06 grudnia 2014

Dzisiaj w nocy padalo , prawie cala noc tak po 20 minut potem przestwalo, rano niebo zaciagniete chmurami , wszystko mokre, a my stoimy na piasku , wszedzie sie ta cholera nosi .
Bez duzego zastanawiania , oglaszam wszem ze jade dalej , podaje koordynaty gdzie bede I slucham co towarzystwo ma do powiedzenia.
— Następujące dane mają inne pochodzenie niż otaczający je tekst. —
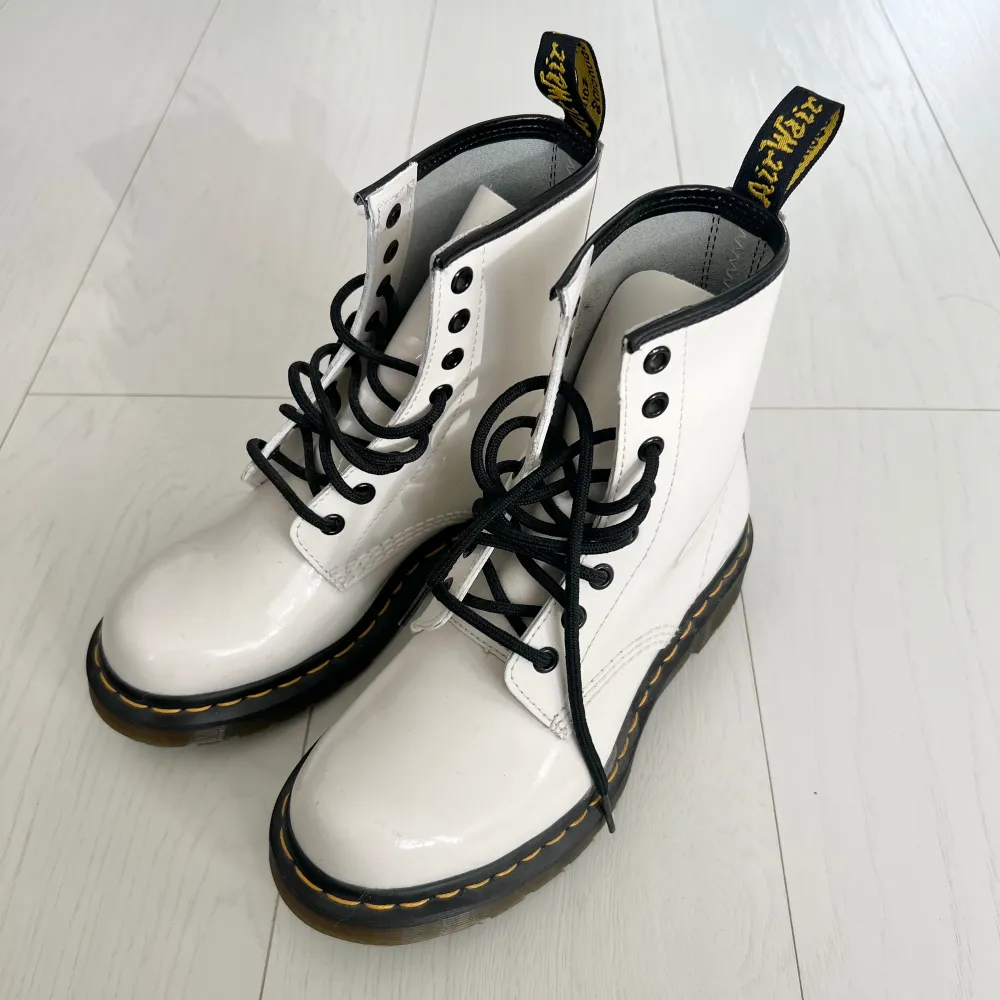 Vita glansiga Dr. Martens boots i storlek 37, helt oanvända (endast testade). Originalpris 2385 kr på Zalando. Skor.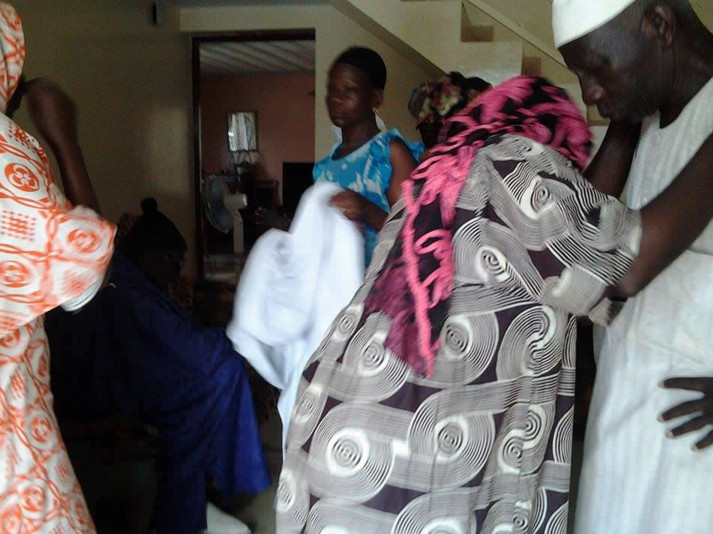 Décès de Mbaye Jacques Diop : tristesse et consternation au domicile du défunt à Rufisque (IMAGES)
 to jeszcze zdjecie z dnia poprzedniego , nie jest zimno ja widac


 robota na czarno

typowy bambo
 udalo mi sie takie cos uchwycic , i tak sie zastanawiam , rosna tej pani skrzydelka jak u aniolka ????



czy tez szpeck wisi



 i Alicante , leje jak z cebra

 
Mikolaj przychodzi dogadac szczegoly w razie jazdy ,zaczyna zas padac deszcz,Wojtek nie wylazi z budy ,ok .
Ubieram kurtke , czapke ,i ide , do nich przyjmuja mnie przez otwarte okno gadamy do srodka nie zapraszaja bo ja przeciez mokry , mokne pod tym oknem dalej gadam co mam do powiedzenia ,,,, jade dalej bede w Santa Pola, jezeli mozna stac , jezeli nie to nie wiem gdzie zajade,,,,,,,
zegnam sie krotko , bo co tam bede mokl, I odjezdzam .




 az niefajnie jechac




 
Po przyjezdzie do Santa Pola , znane mi platze ,zakazy , stoja pojedyncze campery , ja wale do Mc , odpalam kompa , pogadalem z Mloda –chodzi o bilet kiedy przylatuje .
Jade jeszcze wzdluz plzy , ale ciagle leje ,woda stoi na ulicach tak w pol kola , mysle pierdziele , jade do La Mariny tam tez znam platz .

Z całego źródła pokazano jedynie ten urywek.